EXCERPTED DATA
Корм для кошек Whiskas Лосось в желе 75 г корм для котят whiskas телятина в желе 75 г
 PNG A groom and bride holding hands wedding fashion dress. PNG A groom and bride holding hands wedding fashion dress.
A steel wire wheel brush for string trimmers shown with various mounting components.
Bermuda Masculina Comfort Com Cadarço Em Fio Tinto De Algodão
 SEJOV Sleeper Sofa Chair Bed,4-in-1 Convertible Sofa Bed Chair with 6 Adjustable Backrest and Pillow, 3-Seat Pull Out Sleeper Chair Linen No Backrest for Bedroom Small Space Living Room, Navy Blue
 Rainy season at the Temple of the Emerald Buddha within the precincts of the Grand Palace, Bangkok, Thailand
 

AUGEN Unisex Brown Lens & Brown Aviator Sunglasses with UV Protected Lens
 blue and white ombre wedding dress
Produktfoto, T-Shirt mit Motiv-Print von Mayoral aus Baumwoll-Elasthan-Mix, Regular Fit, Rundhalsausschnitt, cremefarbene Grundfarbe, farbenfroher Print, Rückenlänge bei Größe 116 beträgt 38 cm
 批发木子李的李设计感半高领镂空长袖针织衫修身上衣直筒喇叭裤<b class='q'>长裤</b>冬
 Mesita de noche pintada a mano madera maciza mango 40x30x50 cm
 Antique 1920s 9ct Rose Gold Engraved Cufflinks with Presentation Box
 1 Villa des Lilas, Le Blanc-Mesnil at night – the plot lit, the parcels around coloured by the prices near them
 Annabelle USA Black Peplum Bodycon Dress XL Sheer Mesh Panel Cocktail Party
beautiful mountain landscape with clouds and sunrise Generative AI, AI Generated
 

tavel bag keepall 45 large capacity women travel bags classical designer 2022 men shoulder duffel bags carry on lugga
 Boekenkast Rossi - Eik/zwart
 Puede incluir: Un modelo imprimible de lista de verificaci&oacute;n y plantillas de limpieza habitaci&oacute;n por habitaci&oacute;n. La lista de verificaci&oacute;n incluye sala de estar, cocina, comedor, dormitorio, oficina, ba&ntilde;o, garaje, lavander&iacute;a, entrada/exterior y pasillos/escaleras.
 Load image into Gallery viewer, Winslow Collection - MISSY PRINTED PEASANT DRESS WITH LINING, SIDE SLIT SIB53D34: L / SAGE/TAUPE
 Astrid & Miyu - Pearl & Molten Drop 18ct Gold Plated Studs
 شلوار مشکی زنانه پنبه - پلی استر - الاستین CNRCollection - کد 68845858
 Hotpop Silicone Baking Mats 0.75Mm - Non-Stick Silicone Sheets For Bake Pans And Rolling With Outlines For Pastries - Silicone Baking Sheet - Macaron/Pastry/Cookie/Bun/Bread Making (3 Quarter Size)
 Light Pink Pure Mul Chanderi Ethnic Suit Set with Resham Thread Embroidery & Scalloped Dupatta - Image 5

DESCRIPTION OF THE TASK
Repeat exactly the lines of the listing from its first line through the line that holds "批发木子李的李设计感半高领镂". Nothing else should appear.

OUTPUT BELOW
Корм для кошек Whiskas Лосось в желе 75 г корм для котят whiskas телятина в желе 75 г
 PNG A groom and bride holding hands wedding fashion dress. PNG A groom and bride holding hands wedding fashion dress.
A steel wire wheel brush for string trimmers shown with various mounting components.
Bermuda Masculina Comfort Com Cadarço Em Fio Tinto De Algodão
 SEJOV Sleeper Sofa Chair Bed,4-in-1 Convertible Sofa Bed Chair with 6 Adjustable Backrest and Pillow, 3-Seat Pull Out Sleeper Chair Linen No Backrest for Bedroom Small Space Living Room, Navy Blue
 Rainy season at the Temple of the Emerald Buddha within the precincts of the Grand Palace, Bangkok, Thailand
 

AUGEN Unisex Brown Lens & Brown Aviator Sunglasses with UV Protected Lens
 blue and white ombre wedding dress
Produktfoto, T-Shirt mit Motiv-Print von Mayoral aus Baumwoll-Elasthan-Mix, Regular Fit, Rundhalsausschnitt, cremefarbene Grundfarbe, farbenfroher Print, Rückenlänge bei Größe 116 beträgt 38 cm
 批发木子李的李设计感半高领镂空长袖针织衫修身上衣直筒喇叭裤<b class='q'>长裤</b>冬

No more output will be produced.